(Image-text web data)
..............................

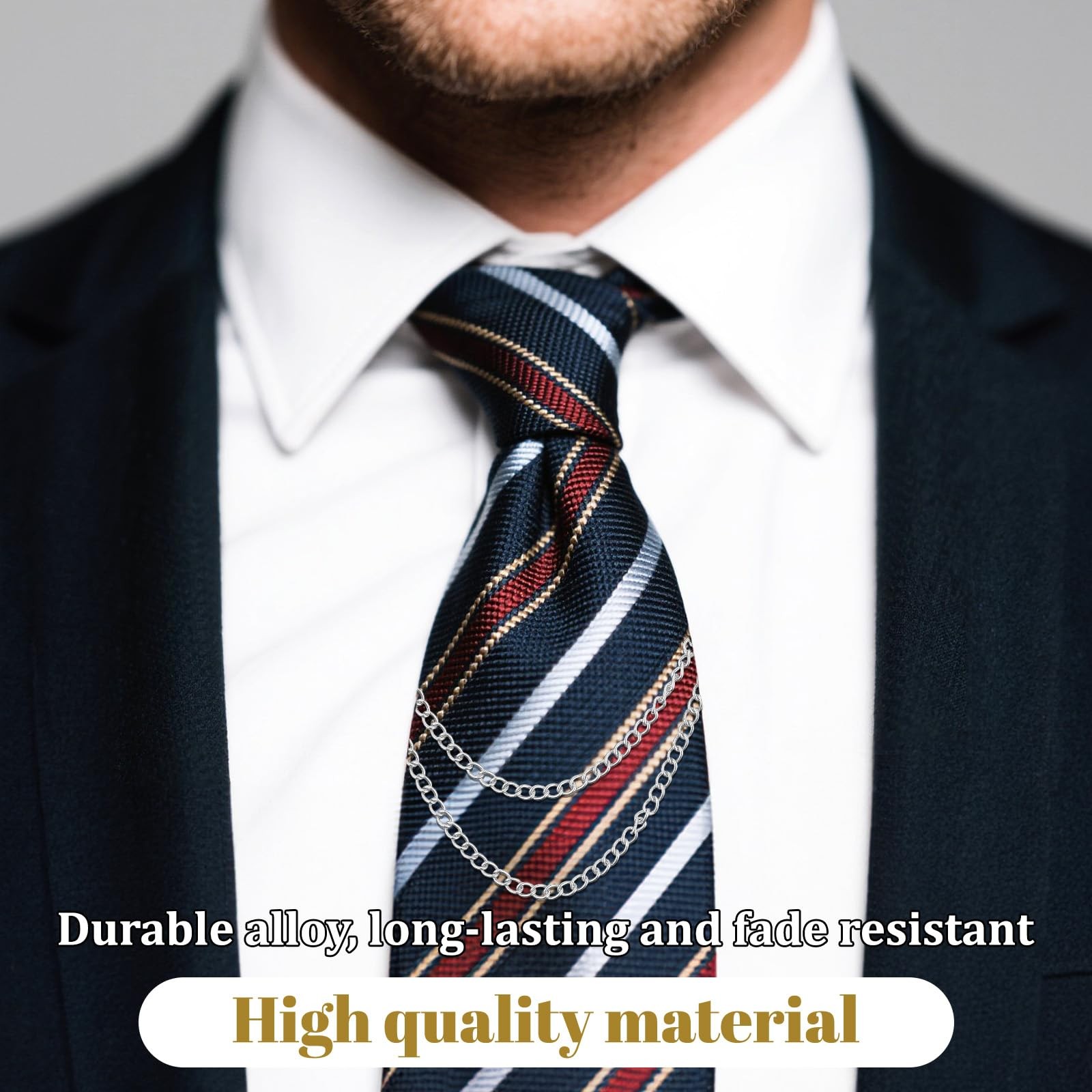 3 Pack Tie Chain for Men, Double Necktie Chains 3 Pack, gold, silver, black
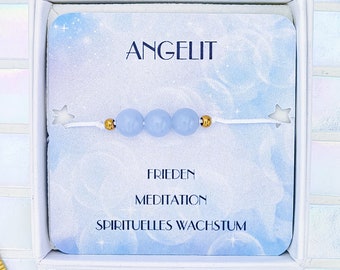 echtes Angelit Edelstein Armband, Perlenarmband himmelblau, Heilstein Armband mit Bedeutung, Frieden Kommunikation spirituelle Verbindung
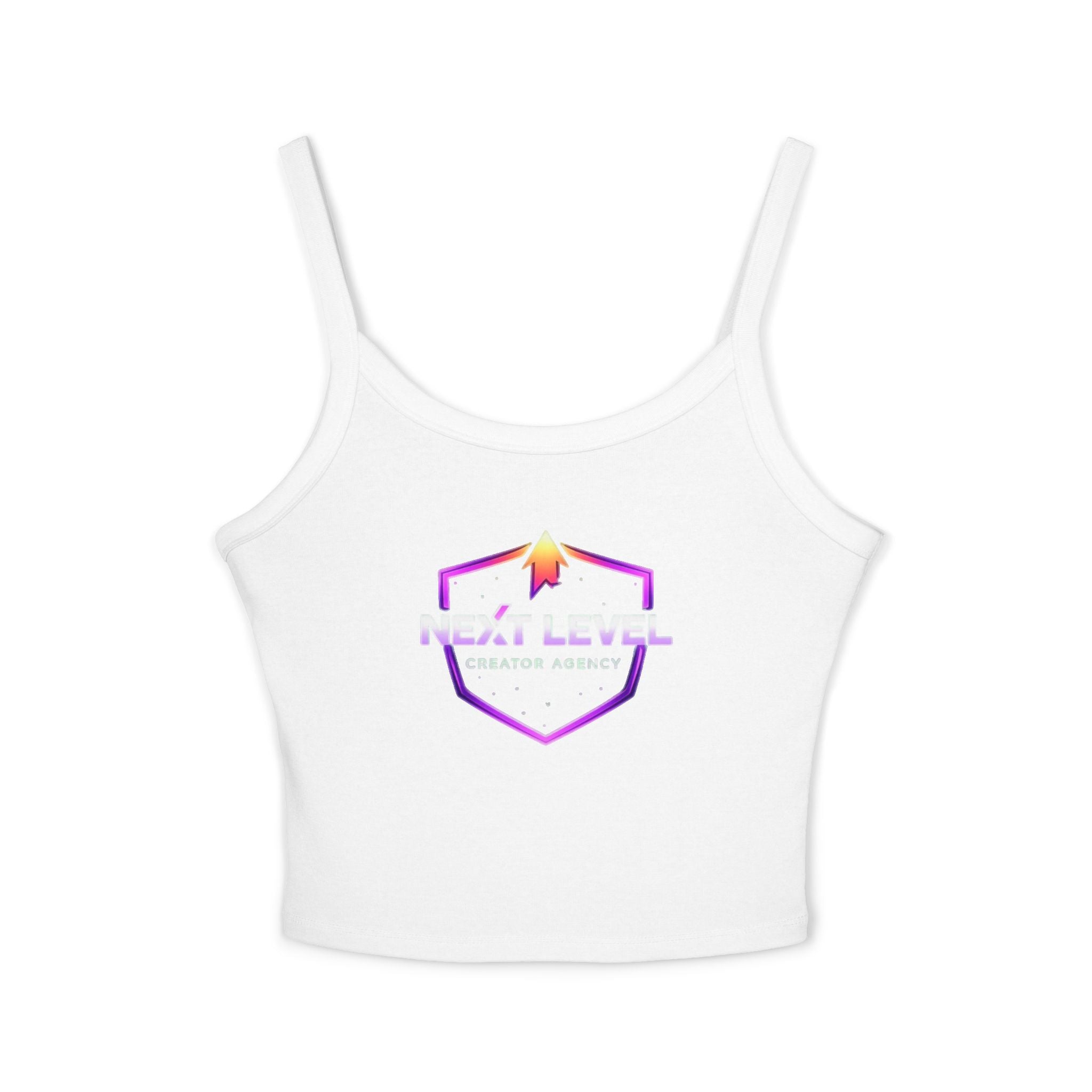 Spaghetti Tank Top — "NLC" Gold Crown Playing Card Logo Crop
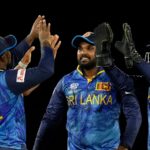 Sri Lanka cricket team during T20 World Cup match against New Zealand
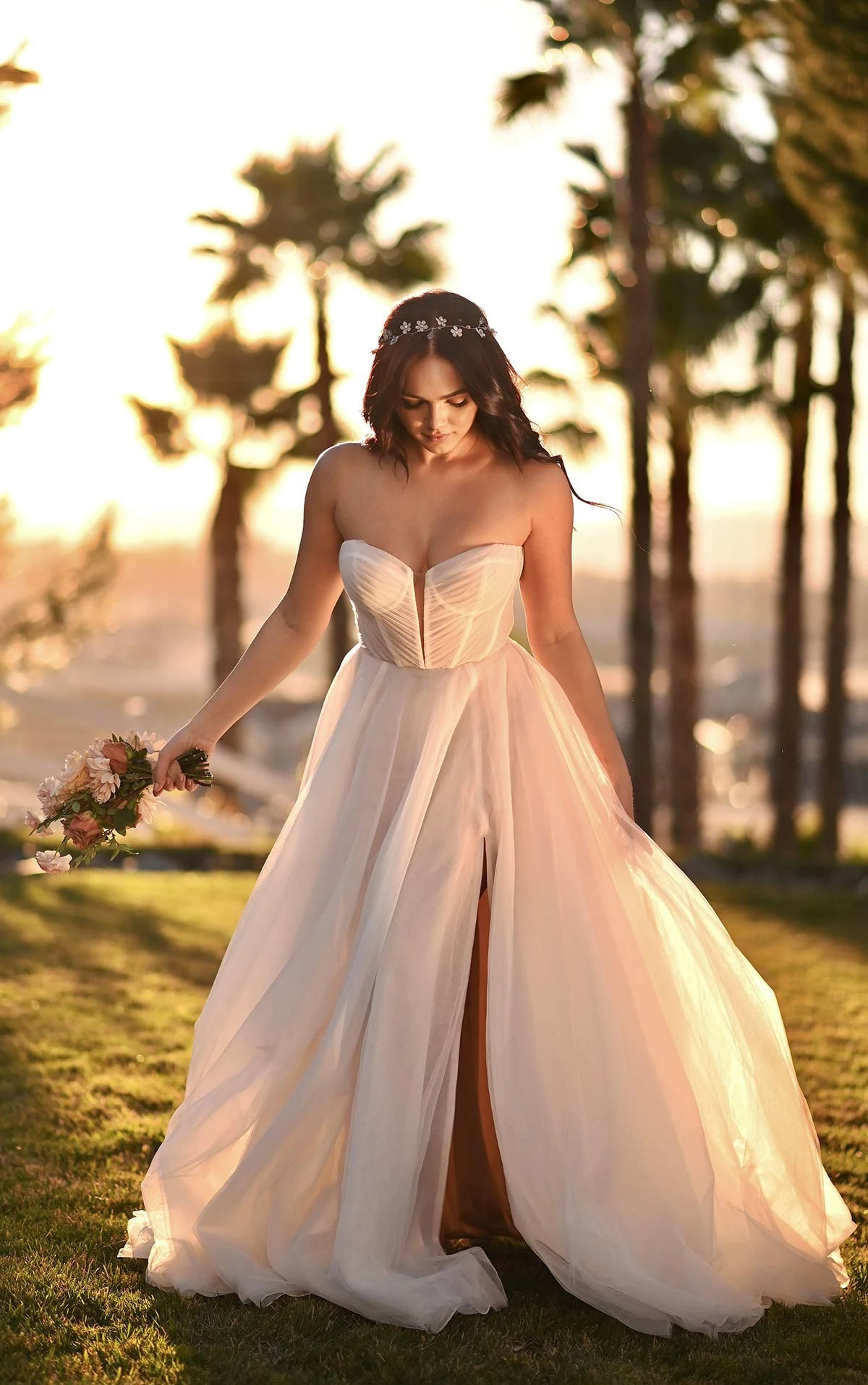 strapless a-line wedding dress with bodice boning and slit - 1497 by Martina Liana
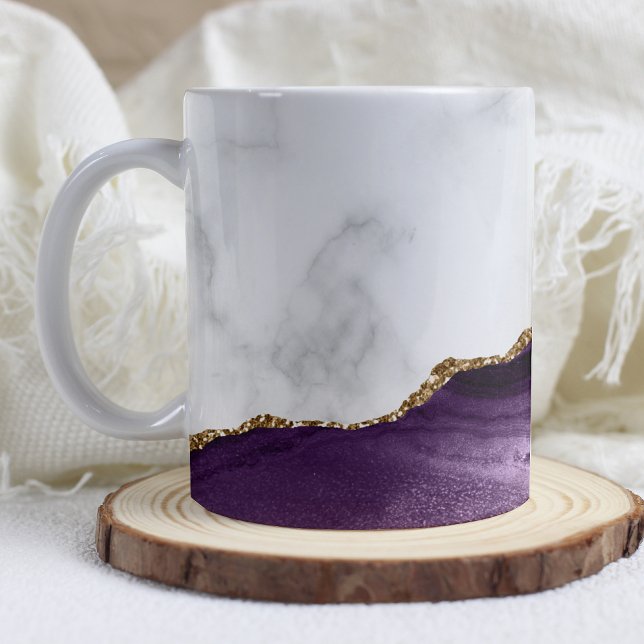 White Marble Gilded Purple Agate Coffee Mug (Creator Uploaded)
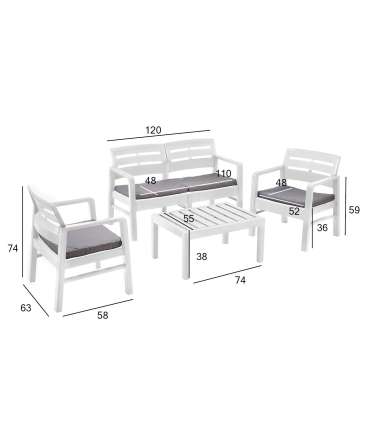 Aiamööblikomplekt JAVA laud, pink ja 2 tooli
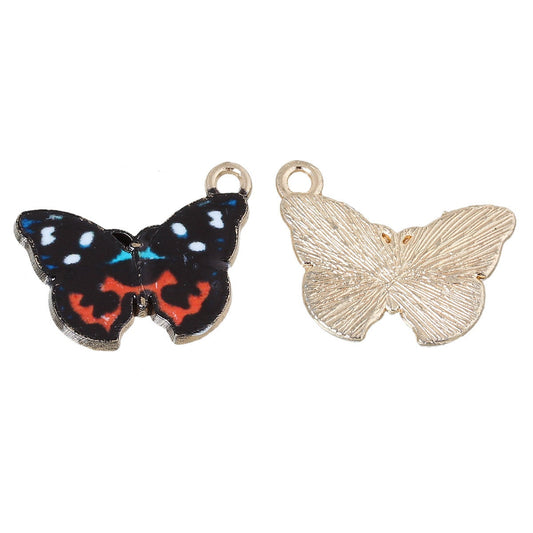 P582 - 10 pcs. Gold Plated Multicolored Black, Red and Blue Butterfly Charms Pendants - 20mm x 15mm - Hole Size: 1.6mm - Butterflies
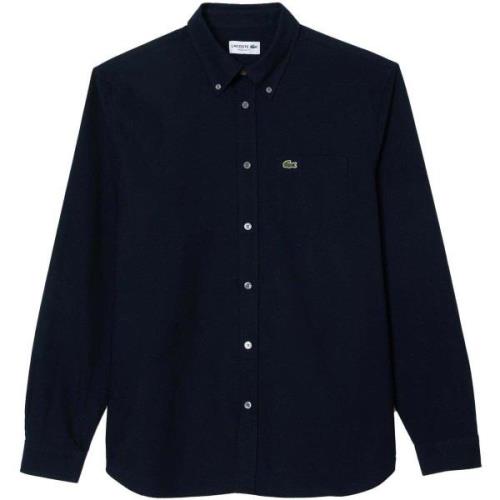 Overhemd Lange Mouw Lacoste Regular Fit Oxford Shirt Navy Blue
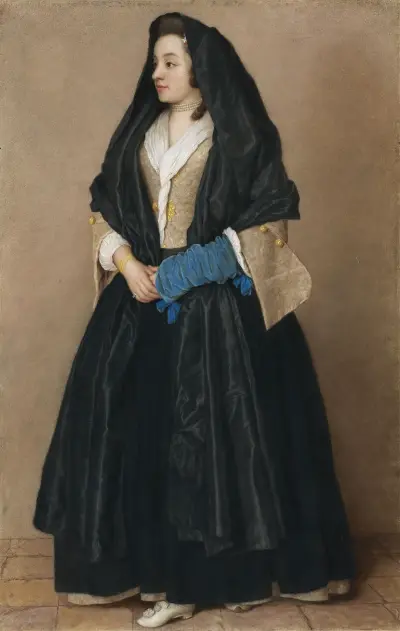 An Elegant Young Woman in Maltese Costume av Jean-Etienne Liotard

..............................

== Description of the task ==
Transcribe exactly and only the lines from the top of the records through the line containing "Aiamööblikomplekt JAVA laud, pink ja 2 tooli", inclusive, and do not copy the pictures.

== Exercise answer ==
 3 Pack Tie Chain for Men, Double Necktie Chains 3 Pack, gold, silver, black
 echtes Angelit Edelstein Armband, Perlenarmband himmelblau, Heilstein Armband mit Bedeutung, Frieden Kommunikation spirituelle Verbindung
 Spaghetti Tank Top — "NLC" Gold Crown Playing Card Logo Crop
 Sri Lanka cricket team during T20 World Cup match against New Zealand
 strapless a-line wedding dress with bodice boning and slit - 1497 by Martina Liana
 White Marble Gilded Purple Agate Coffee Mug (Creator Uploaded)
 Aiamööblikomplekt JAVA laud, pink ja 2 tooli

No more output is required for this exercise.